Des bruits sourds résonnent dans le ciel, les premiers coups de tonnerres se font entendre. La fatigue commence à se faire ressentir et nous commençons à attendre le sommet avec impatience. Il est 18h lorsque nous arrivons sur l’arrête sommitale. Olivier râle un peu dans sa barbe, je distingue quelques phrases « j’entends des bruits glauques, des bruits bizarres… » « Des bruits glauques »je me suis dis qu’il commençait à divaguer. Certes j’entendais des bruits de tonnerres au loin mais rien d’étrange…

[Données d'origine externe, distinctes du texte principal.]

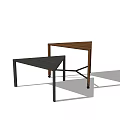 Modern Office Desks With Triangular Black And Rectangular Brown Designs And Wheels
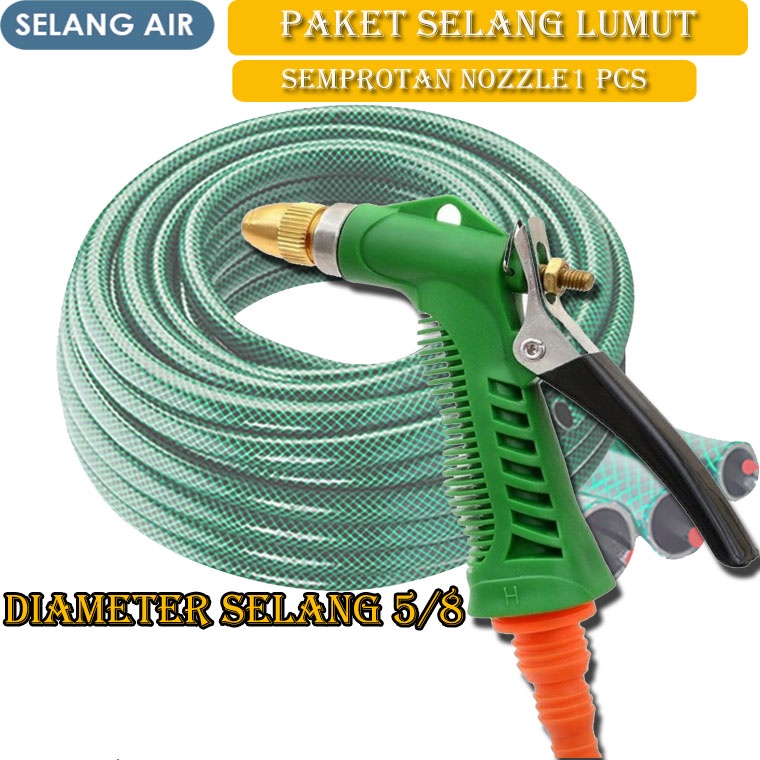 Selang Air Paketan / semprotan air penyiram tanaman / Alat Cuci Motor / Paket Selang Air Singgle Layer Hose 3 Sampai 15 Meter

C’est avec soulagement que j’arrive au sommet et que je repère le rappel de descente pour rejoindre les pentes nord de la barre des écrins. Je fais venir Olivier au sommet et il continue à me dire qu’il entend des bruits bizarres. Lorsqu’il s’approche un peu plus de moi je comprends se qui veut dire et j’entends également des grésillements (comme un vol d’abeille), et là c’est le déclic dans ma tête : « Olivier ! C’est l’électricité statique dans l’air, c’est ton piolet qui est accroché à ton sac qui attire la foudre, vite enlève ton sac et le piolet ! ».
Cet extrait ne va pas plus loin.